Se engana quem pensa que a situação relatada por Luiz Paulo do Rosário a um jornal de Joinville se refere ao período da escravidão no Brasil. O depoimento retrata a cidade na década de 50, mais de 60 anos após a abolição, quando os negros ainda tinham a sua participação restrita nos tradicionais clubes de Joinville.
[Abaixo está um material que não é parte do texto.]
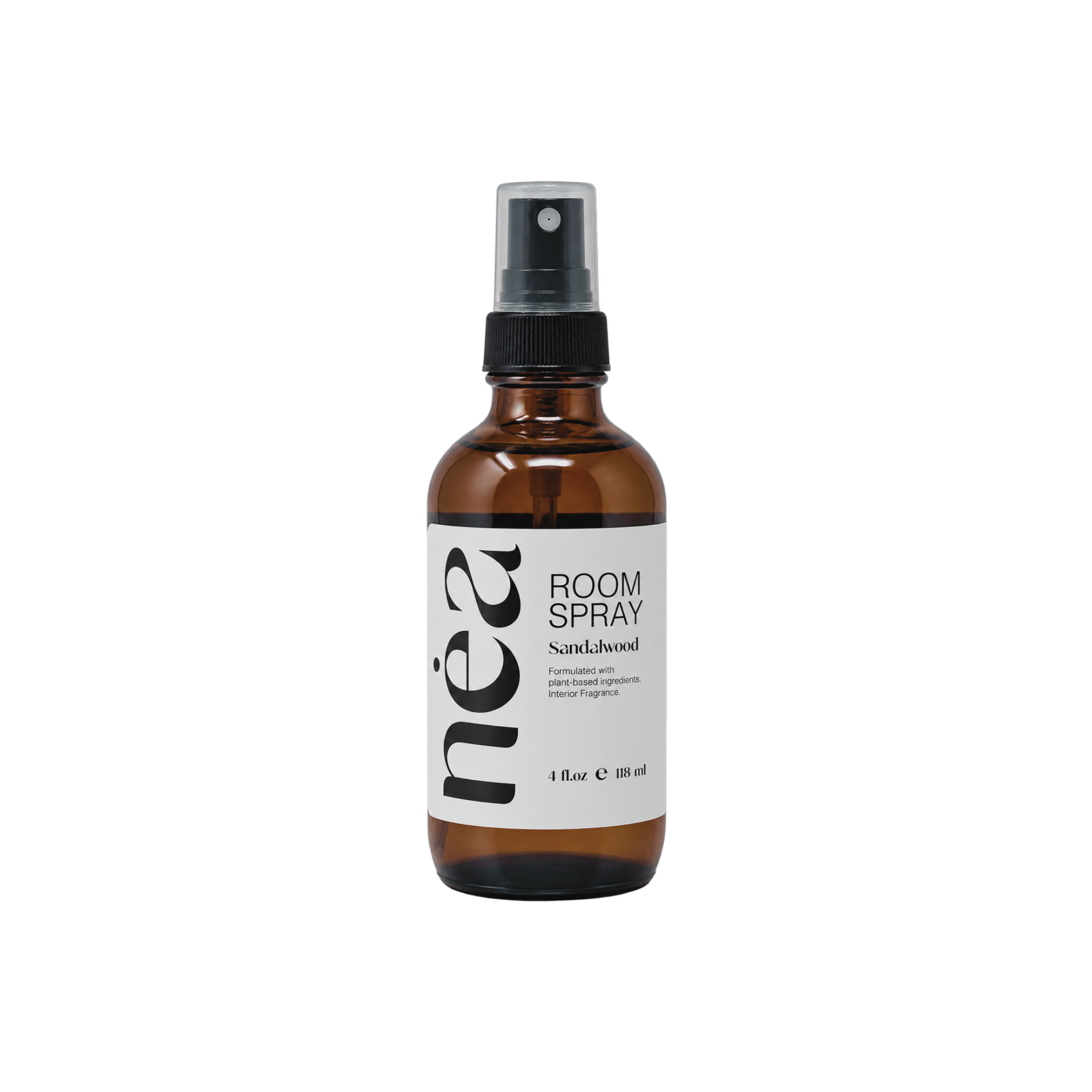 Spray Aromático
Neste contexto, a saída encontrada por Luiz Paulo, o Alegria, e outros sete amigos foi a criação da Sociedade Beneficente Kênia Clube Joinville, em 1960. “Ela surgiu da necessidade de nós, jovens da época, termos um ambiente de encontro. A segregação racial em Joinville era muito acentuada, nós não tínhamos acesso a outros clubes”, conta Alegria em depoimento disponível no Arquivo Histórico de Joinville. Luiz Fagundes de Oliveira, em entrevista à pesquisadora Maria da Consolação Osório, reafirma a segregação que fazia parte dos espaços naquela época. “Eu jogava no Floresta (time de futebol) e não podia dançar no Floresta (clube dançante) por causa da cor. Podia entrar no Floresta pra tomar uma cerveja porque eu jogava lá. Eles deixavam entrar para tomar uma cerveja, para ver os outros dançarem, mas enquanto a dançar, ao preto não era concedido”, destaca.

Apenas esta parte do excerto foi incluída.